The primary goal of this study is to establish the safety of chronic Convection Enhanced Delivery (CED) of the chemotherapeutic drug Topotecan for patients with recurrent malignant glioma that harbors the Isocitrate Dehydrogenase mutation (IDH-mut). The secondary goal of the study is to study drug distribution and assess the tumor response to prolonged continuous CED of Topotecan. Convection Enhanced Delivery is a novel method of drug delivery that allows administration of a drug directly to the brain. In CED, a drug pump is placed under the skin in the chest or abdominal region. The pump is connected to a catheter that is tunneled underneath the skin to the brain. The tip of the catheter then infuses Topotecan directly onto the brain tumor. There will be a total of four treatment infusions over the course of 23-29 days, with a 5-7-day rest period between each infusion. Throughout this period, patients' health will be monitored through imaging, blood draws, and regular exams. At the end of the treatment period, the pump will be removed, followed by resection of the tumor. Patients will be followed for the duration of their lives. This is the investigator's second clinical trial studying CED of TPT in recurrent glioma.

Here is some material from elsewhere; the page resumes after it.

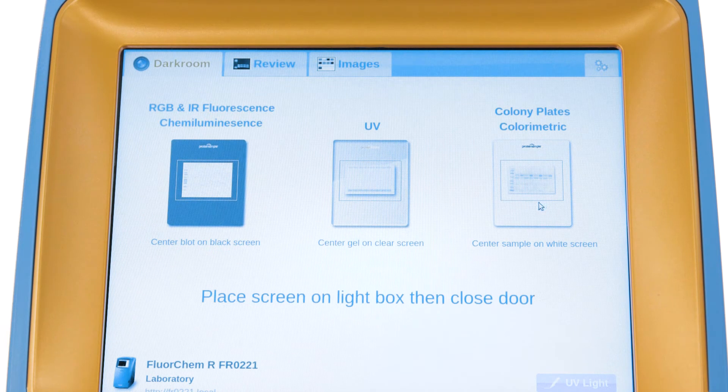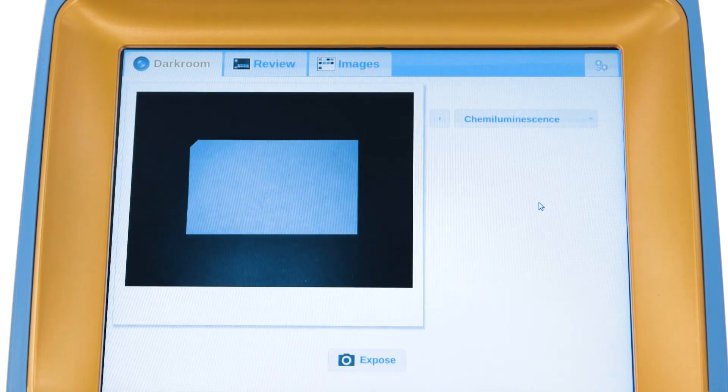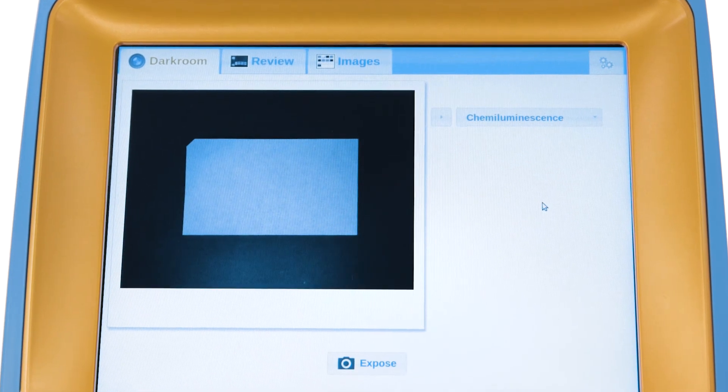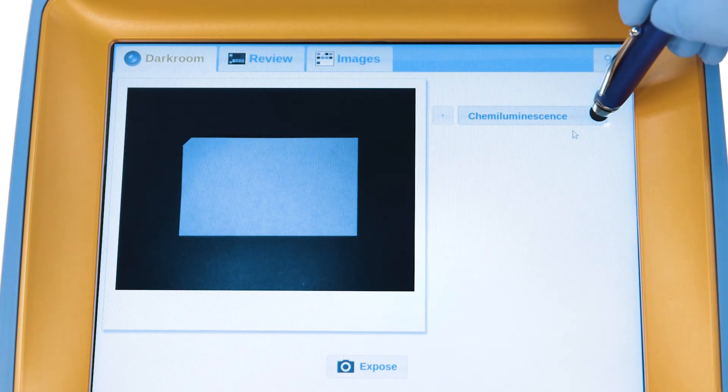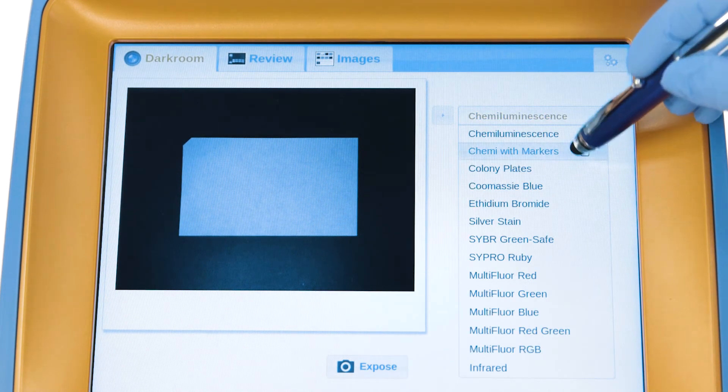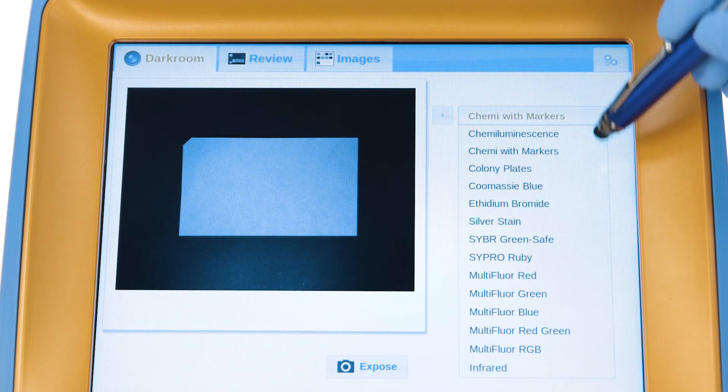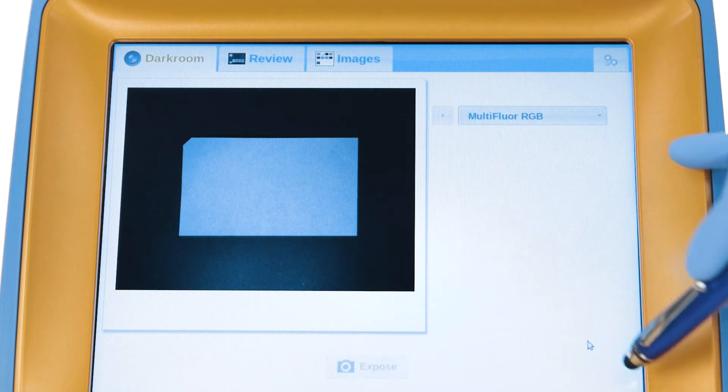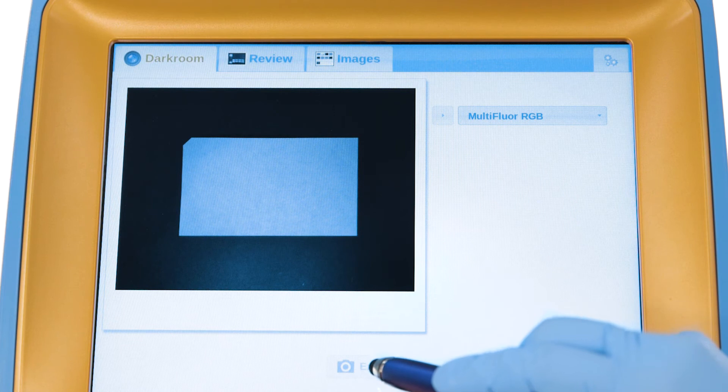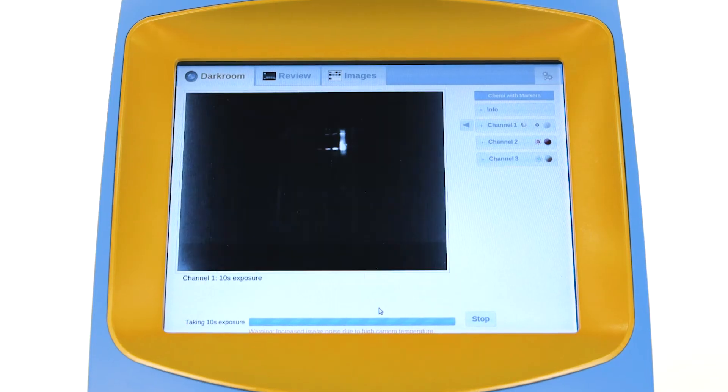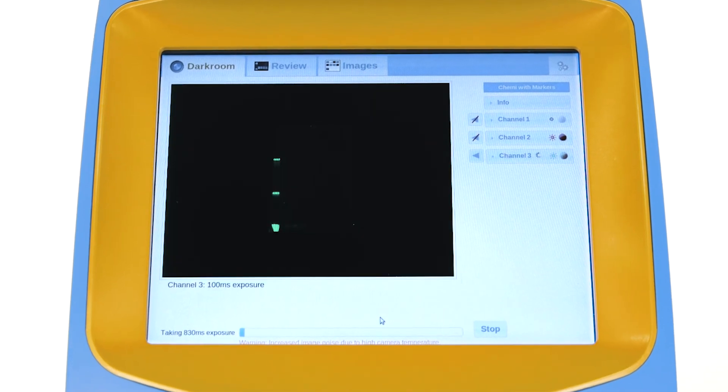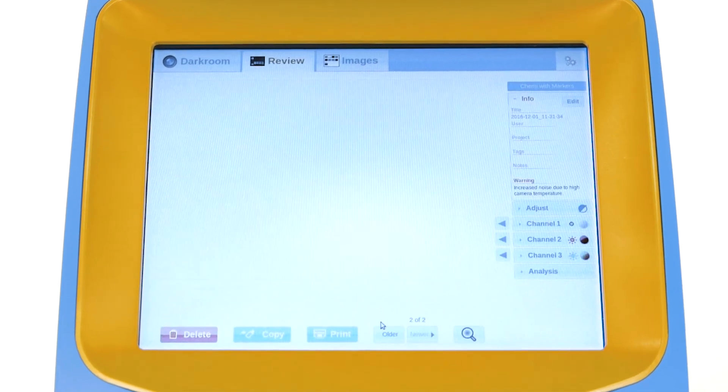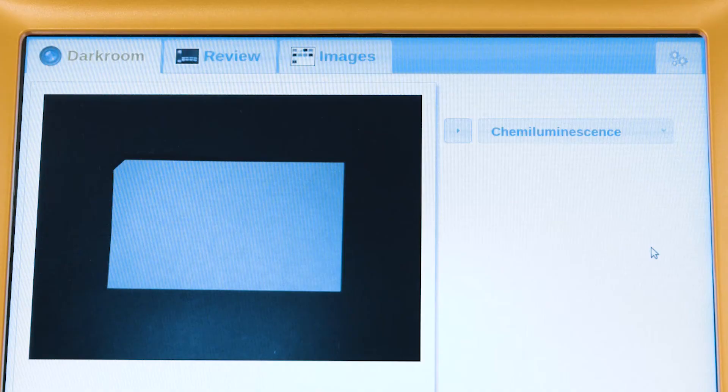When the sample is loaded and the door is closed, the FluorChem display changes to show the digital darkroom controls. In the darkroom tab, each FluorChem Imager comes preloaded with a set of protocols customized for different applications. Simply select the appropriate protocol, then click on expose. The Imager will take some test exposures to determine the optimal exposure settings, then take a final image.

In the prior Phase 1b trial, chronic pulsatile CED safely and effectively delivered Topotecan to patients with IDH mutant recurrent Glioblastoma (WHO grade 4).

Conditions

Brain Tumor, Recurrent; Malignant Glioma (WHO Grade III or IV); IDH1/IDH2 Mutation

Keywords

Brain Tumors; topotecan; Convection-Enhanced Delivery (CED); Glioma; IDH Mutation

Outcome Measures

Primary Outcomes (1)

• Safety, defined as dose at which all patients have had no greater than grade 2 adverse reactions

  The primary outcome of the study is to measure the safety of prolonged CED of Topotecan in patients with recurrent IDH-mutant malignant glioma. Safety is defined as the dose at which all patients have had no greater than grade 2 adverse reactions possibly, probably, or definitely related to CED of Topotecan as measured through physical and neurologic examination, laboratory studies, radiographic studies, and adverse effects, as defined by the Common Terminology Criteria for Adverse Events (CTCAE) Version 5.0 out from Grade 1 (mild symptoms) to Grade 5 (death related to adverse event).

  Up to 29 days

Secondary Outcomes (3)

• Progression Free Survival (PFS), Overall Survival (OS)

  Up to 5 years

• Tumor Response to Treatment

  Up to 29 days of treatment, and 4-6 weeks post treatment period

• Clinical Toxicity Rate

  Up to 29 days

Study Arms (1)

Long-term CED of Topotecan

EXPERIMENTAL

Six patients will be treated with Topotecan by Convection-Enhanced Delivery. Four 48-hour Topotecan infusions will be carried out over the course of 23-29 days (with five to seven-day drug holiday after the first three infusions). Infusions will take place using Synchromed II infusion pumps with the same infusion parameters and experimental conditions used in our previous Phase I clinical trial and other short-term studies.

Drug: Topotecan

Interventions

Topotecan DRUG

Topotecan (TPT) is a chemotherapeutic agent that is a topoisomerase inhibitor. This intervention is uniquely distinguished through its administration using an externalized catheter and external microinfusion pump (Convection-Enhanced Delivery)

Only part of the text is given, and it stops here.